Even better: the less stuff you have, the easier (and less costly) it is to move.

I’m not arguing on behalf of selling off stuff that has value to you. I only suggest that you go through your closets and cupboards and get rid of the stuff that you don’t use. It’s just sitting there taking up space, convincing you that you need more living space, when in fact it could be money in your pocket and freedom in your life.

3. Fix some stuff

If you’re a renter or you live at home, it’s easy enough to call a landlord or a parent when there’s a problem. “The toilet seems to be broken.” “There’s no hot water.” “Why won’t the dryer dry my clothes?” “There’s water flooding the basement.”

Here’s the catch: when those things happen in a house of your own, it’s up to you to fix it. If you can’t, you’re going to be shelling out fistfuls of cash to pay someone to do it.

When you’re living in such an environment, you’ve got a perfect opportunity to learn how to do such things with something of a safety net. When the toilet breaks, try to fix it yourself. Watch some YouTube videos on toilet repair. Identify what parts you need, find a good hardware store, and pick them up. Give the repair a serious attempt all by yourself.

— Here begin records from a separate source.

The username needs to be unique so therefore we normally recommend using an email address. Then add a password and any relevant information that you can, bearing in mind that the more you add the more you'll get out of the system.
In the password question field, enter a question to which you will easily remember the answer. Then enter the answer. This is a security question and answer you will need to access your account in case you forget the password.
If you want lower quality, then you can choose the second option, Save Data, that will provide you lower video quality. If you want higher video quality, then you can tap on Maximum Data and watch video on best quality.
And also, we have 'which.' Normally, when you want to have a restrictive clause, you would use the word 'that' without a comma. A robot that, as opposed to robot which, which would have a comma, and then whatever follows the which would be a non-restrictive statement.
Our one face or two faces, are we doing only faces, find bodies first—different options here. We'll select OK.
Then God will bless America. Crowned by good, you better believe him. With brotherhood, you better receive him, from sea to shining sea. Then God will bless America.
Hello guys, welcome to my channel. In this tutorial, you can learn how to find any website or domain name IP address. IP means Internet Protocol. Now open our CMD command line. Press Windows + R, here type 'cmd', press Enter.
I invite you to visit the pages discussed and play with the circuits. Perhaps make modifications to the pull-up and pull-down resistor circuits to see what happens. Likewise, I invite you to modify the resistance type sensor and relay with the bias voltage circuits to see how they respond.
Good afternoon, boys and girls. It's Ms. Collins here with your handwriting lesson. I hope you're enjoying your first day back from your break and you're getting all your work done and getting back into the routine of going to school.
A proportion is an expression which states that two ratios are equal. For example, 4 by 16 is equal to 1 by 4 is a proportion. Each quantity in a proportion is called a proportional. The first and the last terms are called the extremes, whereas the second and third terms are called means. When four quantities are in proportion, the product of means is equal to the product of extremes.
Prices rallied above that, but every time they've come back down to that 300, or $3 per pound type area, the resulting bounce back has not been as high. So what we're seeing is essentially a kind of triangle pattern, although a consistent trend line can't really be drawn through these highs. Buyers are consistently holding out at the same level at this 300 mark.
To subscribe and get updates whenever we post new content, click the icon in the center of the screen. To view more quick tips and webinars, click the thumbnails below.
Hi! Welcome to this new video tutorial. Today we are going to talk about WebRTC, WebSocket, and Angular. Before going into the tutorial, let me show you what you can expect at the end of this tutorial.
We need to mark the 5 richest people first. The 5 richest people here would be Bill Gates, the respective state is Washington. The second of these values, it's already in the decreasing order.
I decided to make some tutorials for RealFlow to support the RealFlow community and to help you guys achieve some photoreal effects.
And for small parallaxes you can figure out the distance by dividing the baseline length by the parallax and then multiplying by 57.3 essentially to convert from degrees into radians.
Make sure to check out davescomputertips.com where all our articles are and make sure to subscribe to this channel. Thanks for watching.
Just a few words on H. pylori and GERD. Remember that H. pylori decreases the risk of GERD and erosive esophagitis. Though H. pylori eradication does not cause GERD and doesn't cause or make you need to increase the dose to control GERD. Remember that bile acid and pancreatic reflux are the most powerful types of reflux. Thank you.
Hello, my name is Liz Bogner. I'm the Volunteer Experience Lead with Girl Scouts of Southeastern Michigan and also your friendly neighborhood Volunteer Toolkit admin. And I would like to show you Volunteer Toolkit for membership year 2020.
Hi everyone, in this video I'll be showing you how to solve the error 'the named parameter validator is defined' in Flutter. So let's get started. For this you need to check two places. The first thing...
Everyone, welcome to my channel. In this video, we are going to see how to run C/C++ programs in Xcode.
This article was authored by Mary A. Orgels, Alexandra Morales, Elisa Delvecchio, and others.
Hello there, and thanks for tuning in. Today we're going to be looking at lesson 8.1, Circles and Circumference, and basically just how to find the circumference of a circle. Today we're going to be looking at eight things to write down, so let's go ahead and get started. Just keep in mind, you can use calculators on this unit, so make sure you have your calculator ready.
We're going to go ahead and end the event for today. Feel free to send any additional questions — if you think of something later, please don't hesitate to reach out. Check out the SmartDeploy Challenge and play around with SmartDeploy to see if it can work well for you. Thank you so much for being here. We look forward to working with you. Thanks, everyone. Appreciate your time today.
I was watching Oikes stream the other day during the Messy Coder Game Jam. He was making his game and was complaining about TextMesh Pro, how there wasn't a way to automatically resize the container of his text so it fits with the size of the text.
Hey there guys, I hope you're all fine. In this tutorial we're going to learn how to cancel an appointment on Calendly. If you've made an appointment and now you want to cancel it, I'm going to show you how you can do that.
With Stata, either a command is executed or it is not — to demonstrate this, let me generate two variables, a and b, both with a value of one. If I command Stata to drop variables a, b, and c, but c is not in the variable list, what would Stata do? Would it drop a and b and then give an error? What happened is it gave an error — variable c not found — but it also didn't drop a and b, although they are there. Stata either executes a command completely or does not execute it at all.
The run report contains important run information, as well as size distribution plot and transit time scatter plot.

If you can’t do it, then report the problem. Don’t just walk away, though – watch and learn from someone who can do it. Watch your landlord or the repairman. Try to figure out where you went wrong and how you can avoid it next time.

Even if you fail, you’ve learned some things. You’ve learned how to use tools. You’ve learned how to identify problems. You’ve learned what the equipment looks like. This will make solving future problems much simpler and much more cost-effective, especially when you’re living in your home and something goes wrong for the first time.

4. Figure out why you’re buying a home

There are lots of bad reasons and non-reasons to buy:
Don’t buy a home because that’s what you’ve been told you’re “supposed” to do.
Don’t buy a home because that’s what you think you’re “supposed” to do.
Don’t buy a home because you might get married and have kids someday and you need the space for this hypothetical future.
Don’t buy a home because you think it will lead you to some sort of idealized suburban life. A home won’t change who you are.
Don’t buy a home because you’re trying to “keep up” with someone in your life. It’ll make you fall further behind in the long run.

Buy a home because you it truly makes sense financially and you’re ready (and excited) to deal with the challenges of homeownership. Buy a home because it’s better for your housing dollar than the other options available to you.

Buy a home because it’s what you want and it’s what you can handle, not because it’s what others want.